Postecoglou among six Football Australia Hall of Fame inductees

Ange Postecoglou has been recognised for his standout contribution to Australian football as one of six inductees into Football Australia’s Hall of Fame.

Postecoglou will be joined by former Matildas Moya Dodd and Collette Gardiner (nee McCallum), players’ union pioneer Brendan Schwab, former Socceroo Ted Smith and Tasmanian media personality Walter Pless in the latest batch to be acknowleged.

They will be inducted at the Matildas’ clash against Sweden at AAMI Park on Saturday.  

A past Socceroo, Postecoglou led South Melbourne to championships as a captain and then coach.

Postecoglou later masterminded the Brisbane Roar’s “Roarcelona” dynasty with his attacking style in the A-League Men.

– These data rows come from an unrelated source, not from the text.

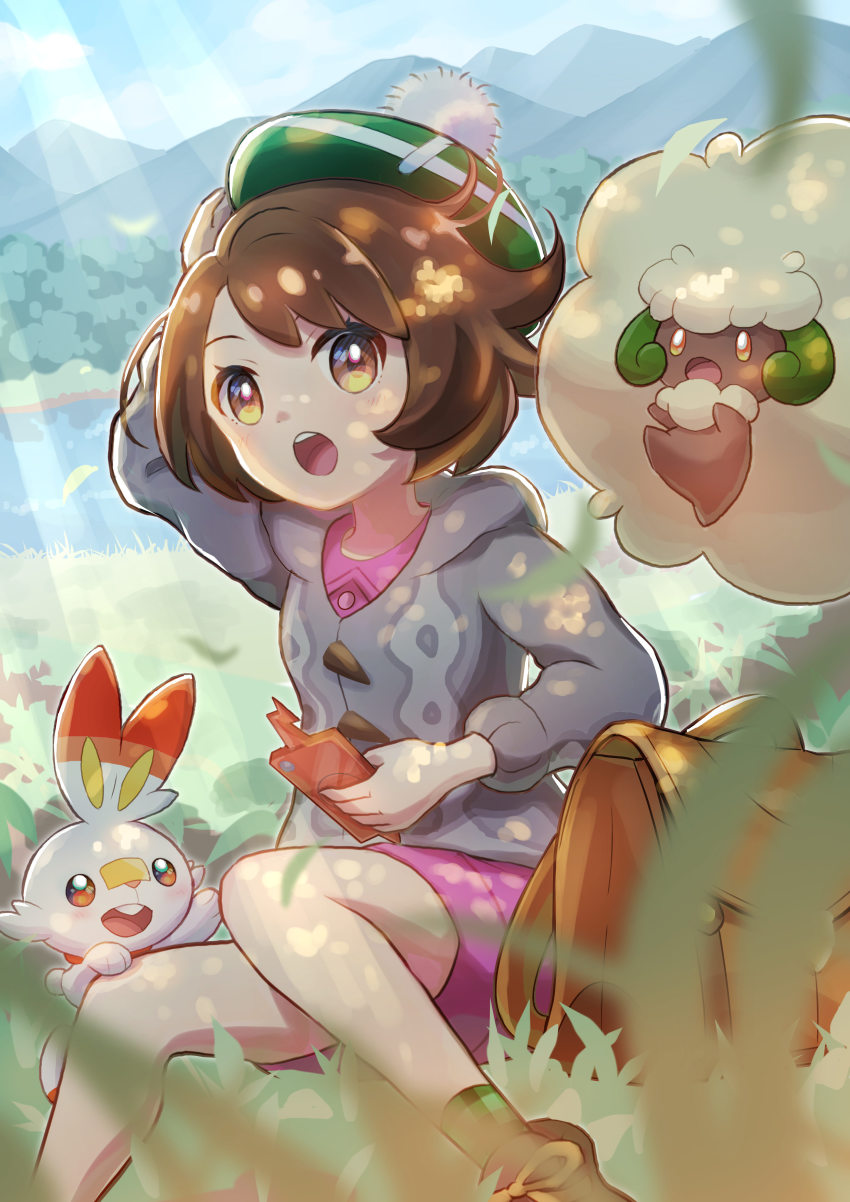 1girl, absurdres, backpack, bag, blurry, bob_cut, boots, brown_bag, brown_eyes, brown_footwear, brown_hair, buttons, cable_knit, cardigan, cloud, collared_dress, commentary_request, day, dress, eyelashes, falling_leaves, gen_4_pokemon, gen_5_pokemon, gen_8_pokemon, gloria_(pokemon), grass, green_headwear, green_legwear, grey_cardigan, hat, highres, holding, holding_phone, hood, hooded_cardigan, kanon_(ta_sakurairo), leaf, light_rays, nintendo, open_mouth, outdoors, phone, pink_dress, plaid_clothes, plaid_legwear, plaid_socks, pokemon, pokemon_(creature), pokemon_sword_and_shield, rotom, rotom_phone, scorbunny, short_hair, sitting, sky, socks, tam_o'_shanter, teeth, tongue, unworn_bag, upper_teeth_only, whimsicott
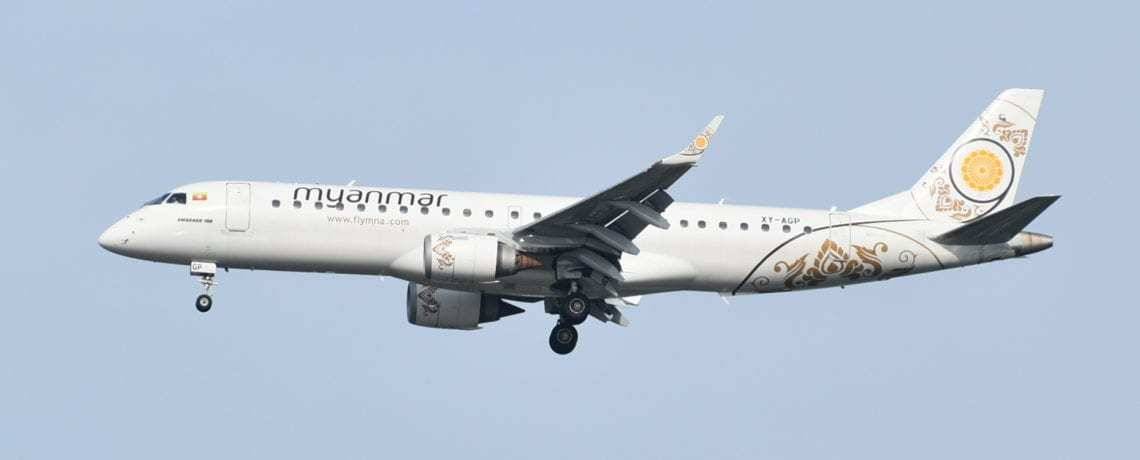 Myanmar National Airlines E190 Lands Without Nose Gear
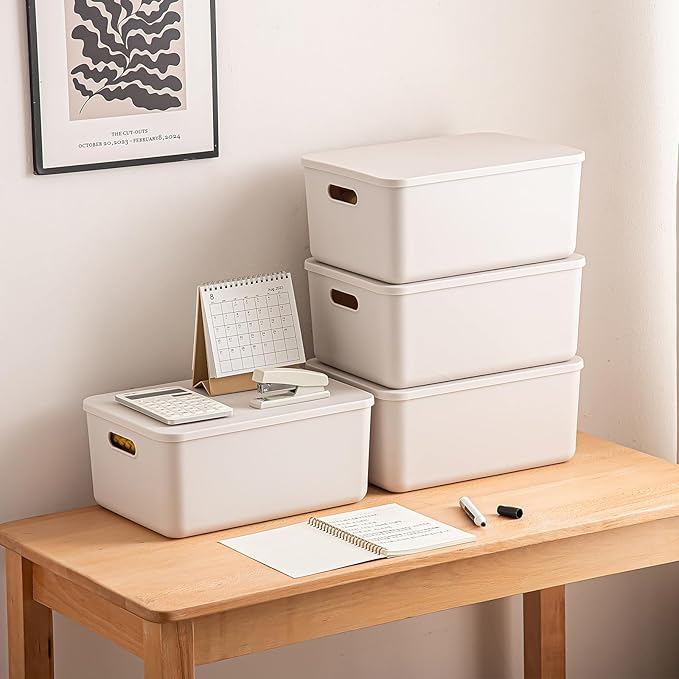 Plastic Storage Bins with Lid, White Stackable Storage Basket Organizer Box, Sturdy Containers Organizing Lidded Bins for Shelves, Cabinet, Desk, Pantry, Bedroom, Book, Toys (gray, 6M)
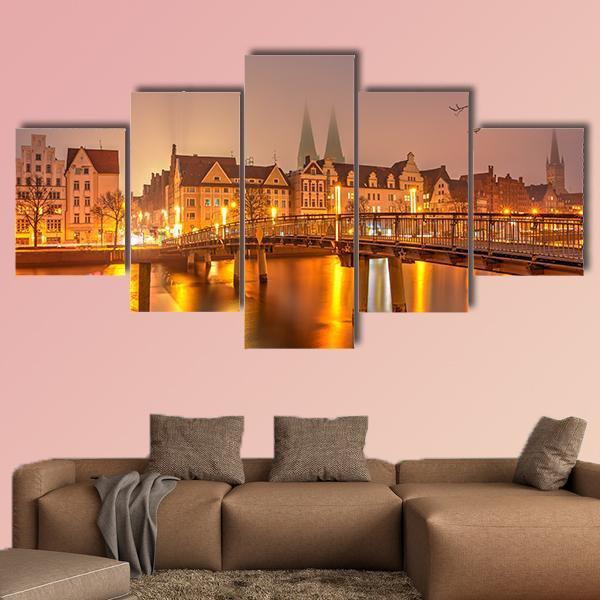 View Of Old Town Pier Architecture In Lubeck Canvas Wall Art-5 Star-Gallery Wrap-62" x 32"-Tiaracle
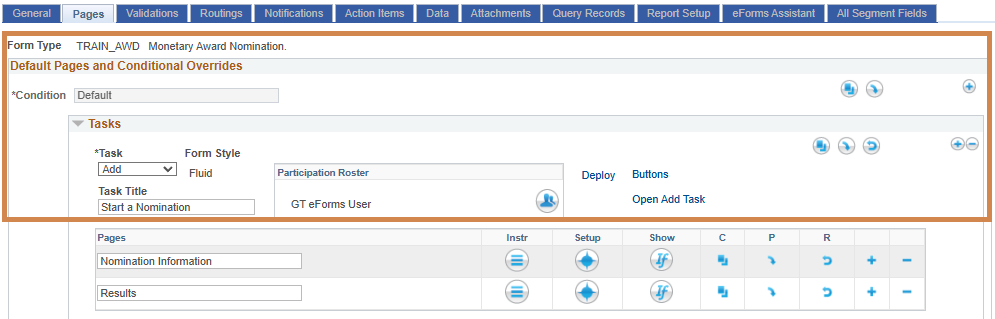 A screenshot of the top part of the Pages tab where there are condition and pages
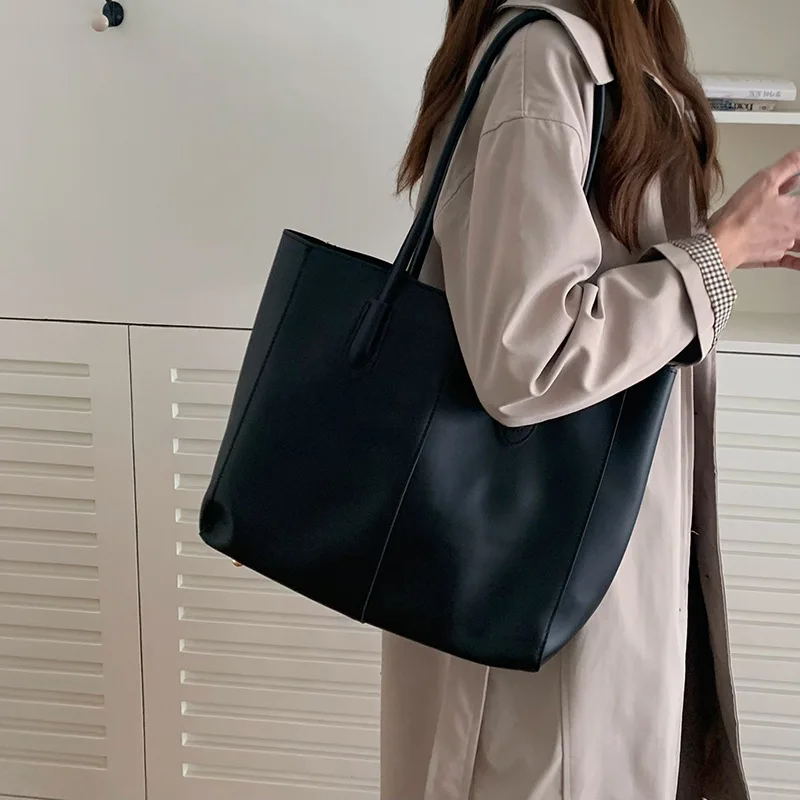 Women's Vintage Style Tote Bag Large Ins Fashion Shoulder Bag Spacious Work Commuter Bag Trendy Casual Daily Use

He led the Socceroos at the 2014 World Cup and claimed Australia’s first men’s Asian Cup on home soil in 2015.

Postecoglou won the J1 League title with Yokohama F.Marinos in 2019 and claimed the 2021-22 Scottish premiership with Celtic.

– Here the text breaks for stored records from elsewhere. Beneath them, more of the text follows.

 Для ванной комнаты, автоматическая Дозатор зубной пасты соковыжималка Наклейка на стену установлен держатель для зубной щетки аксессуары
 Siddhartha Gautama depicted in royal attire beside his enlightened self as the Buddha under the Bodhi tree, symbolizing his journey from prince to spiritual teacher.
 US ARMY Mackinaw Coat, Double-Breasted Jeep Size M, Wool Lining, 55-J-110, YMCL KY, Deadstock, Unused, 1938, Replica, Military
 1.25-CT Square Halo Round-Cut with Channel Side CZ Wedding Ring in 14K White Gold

Former Matildas vice-captain Dodd played for the national team between the mid 1980s and mid-90s and has made a huge mark off the field.

A massive advocate for gender equality, Dodd successfully campaigned to give millions of girls access to football with the overturning of the hijab ban.

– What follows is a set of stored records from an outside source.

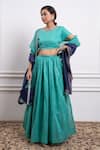 Shop_Vinusto_Blue Handwoven Chanderi Embroidered Lace Round Gathered Lehenga Blouse Set _at_Aza_Fashions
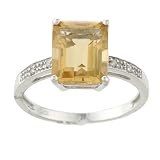 10k White Gold Emerald-Cut Citrine and Diamond Ring 10k White Gold Emerald-Cut Citrine and Diamond Ring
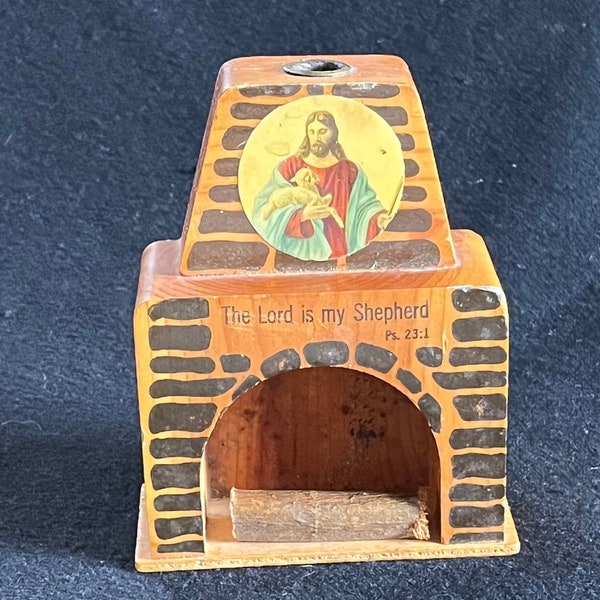 Folksy 1970s Restaurant Wooden Candle Holder -- Picture of Jesus with a Lamb Slung over His Shoulders Mounted on a Rustic Fireplace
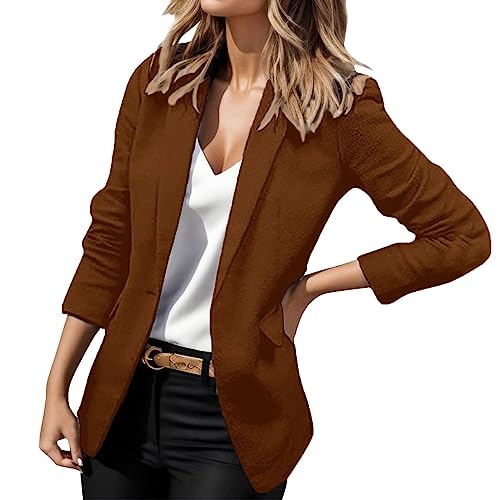 Jackett Damen Pieces Sweatblazer Leichter Sommerblazer Kurz Schwarz Kostüme Sportlich Trachtenjacke Leicht Business Anzug Blazer Für Sommer Elegant Blaser Longblazer von Xiangdanful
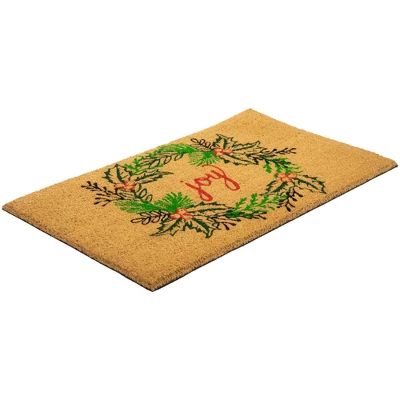 Northlight Natural Coir "Joy" Wreath Christmas Doormat 18" X 30" 5 Northlight Natural Coir "Joy" Wreath Christmas Doormat 18" X 30" - Image 3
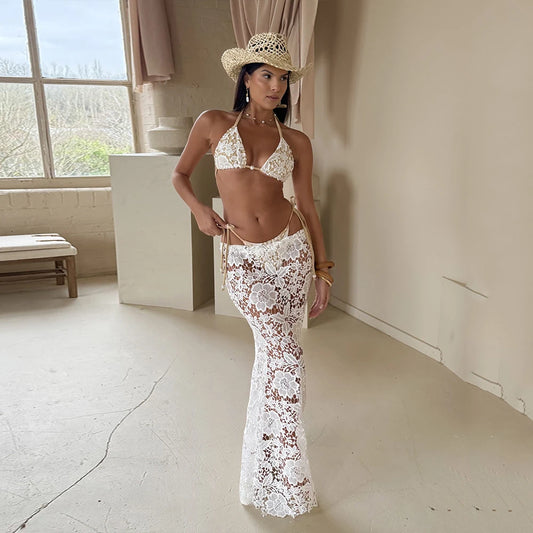 Bikini 3 pièces en dentelle blanche Polovedo – Collection 2025 - Paris Aura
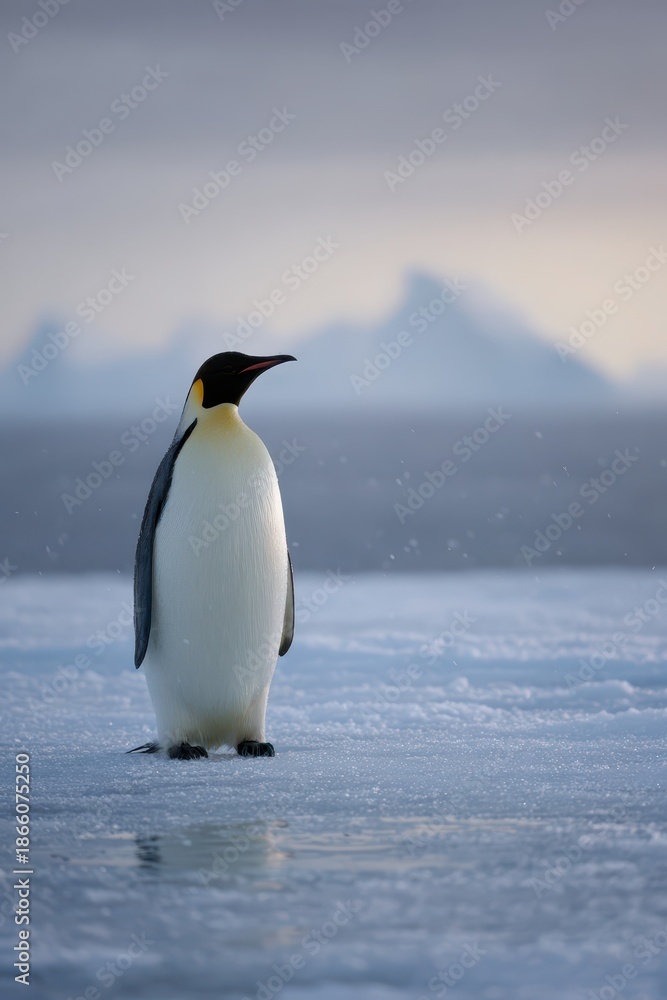 Fototapeta premium Close-up portrait of an emperor penguin against icy horizon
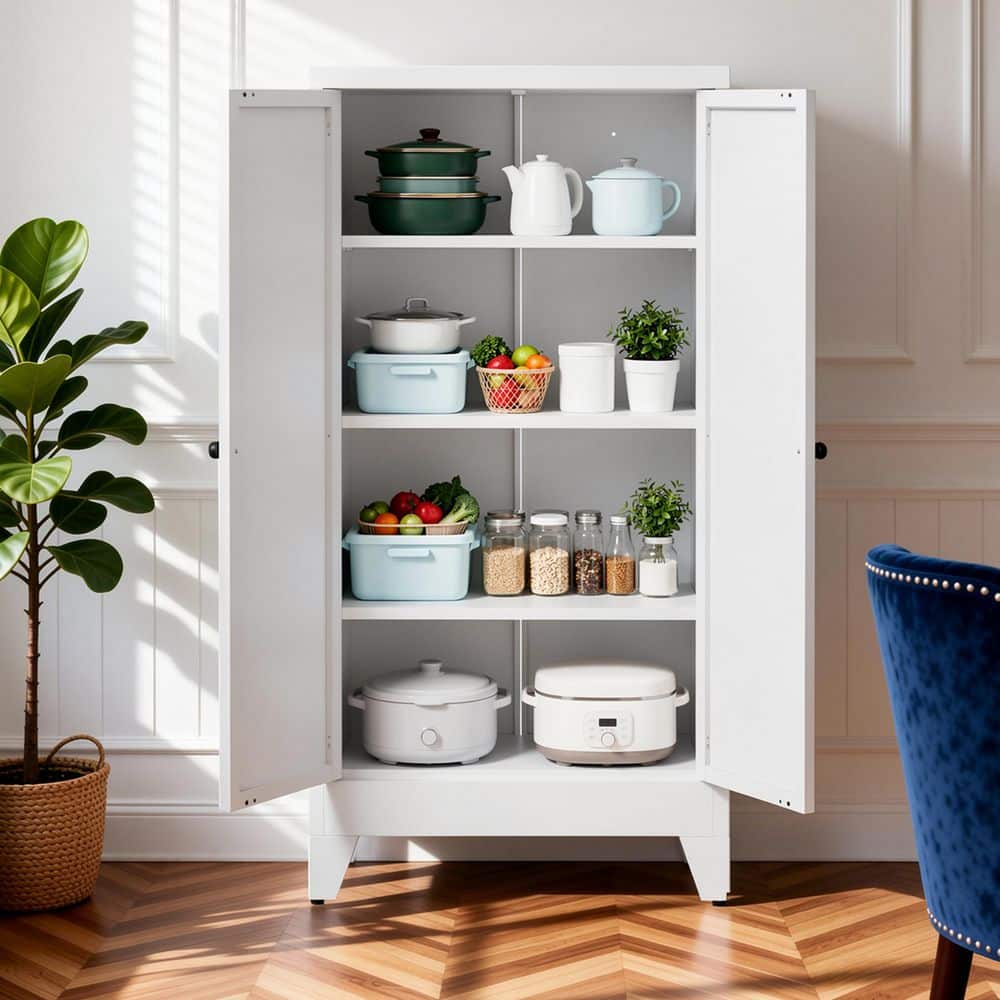 COWLOWN 23.6 in. W x 12 in. D x 47 in. H White Metal Kitchen Pantry Adjustable Storage Linen Cabinet with 3-Shelves (1)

Gardiner was a Matildas midfield mainstay for almost a decade and one of Australia’s finest women’s footballers.

The midfielder played a key role in the 2007 Women’s World Cup squad and the breakthrough 2010 Asian Cup triumph.

Schwab has been a pioneer of both Australian and global player union movements.

The former FIFPro boss has played a crucial role in global sport and human rights movements by negotiating major human rights commitments with international governing bodies including FIFA.

Socceroo Smith was part of Australia’s historic 1956 Olympics squad where he played in both games in Melbourne as a 21-year-old.

He was a foundation member of the committee appointed to create the national Hall of Fame in the mid-1990s. Since his retirement, Smith has worked extensively to organise Socceroos functions and promote the sport.

Pless moved to Hobart from Austria as a child. After a long-playing career, Pless initially focused on coaching.

Since 1978, he has written and photographed extensively on the game in Tasmania and is considered a local football icon.

“The Football Australia Hall of Fame is the highest honour bestowed upon players and participants who have served the game – either on or off the field – with distinction, with no better demonstration of this than our class of 2022,” Football Australia chairman Chris Nikou said in a statement.

All six were nominated via a public process, with the nominees then considered by a panel of Australian football historians.

The panel of historians provided their recommendations to the FA board, with the directors ratifying each person’s elevation.